> [PROBLEM TO SOLVE]: Once you find the line with "Usado Hyundai i10" in the entries below, print it and each line after it up to and including the line with "310 Riverwood Village Lane, Sealy, TX 77474", exactly, without pictures.

> [ENTRIES PROVIDED]:

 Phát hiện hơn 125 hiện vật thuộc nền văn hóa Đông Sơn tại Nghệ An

==

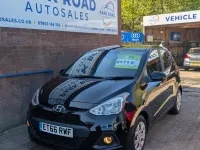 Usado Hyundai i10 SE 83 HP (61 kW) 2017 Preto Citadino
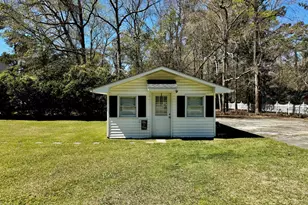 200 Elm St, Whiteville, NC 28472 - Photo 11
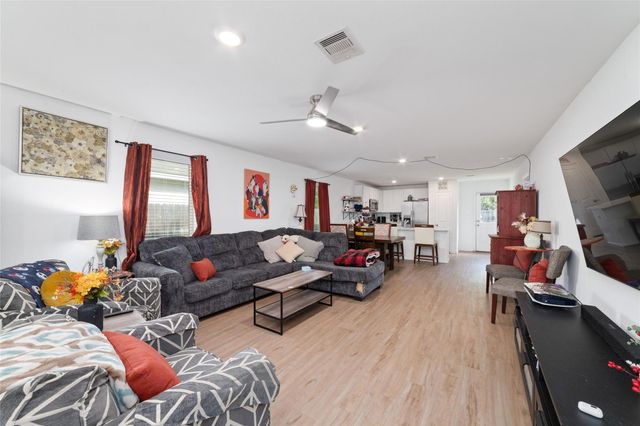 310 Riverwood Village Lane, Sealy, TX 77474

> [YOUR SOLUTION]:
 Usado Hyundai i10 SE 83 HP (61 kW) 2017 Preto Citadino
 200 Elm St, Whiteville, NC 28472 - Photo 11
 310 Riverwood Village Lane, Sealy, TX 77474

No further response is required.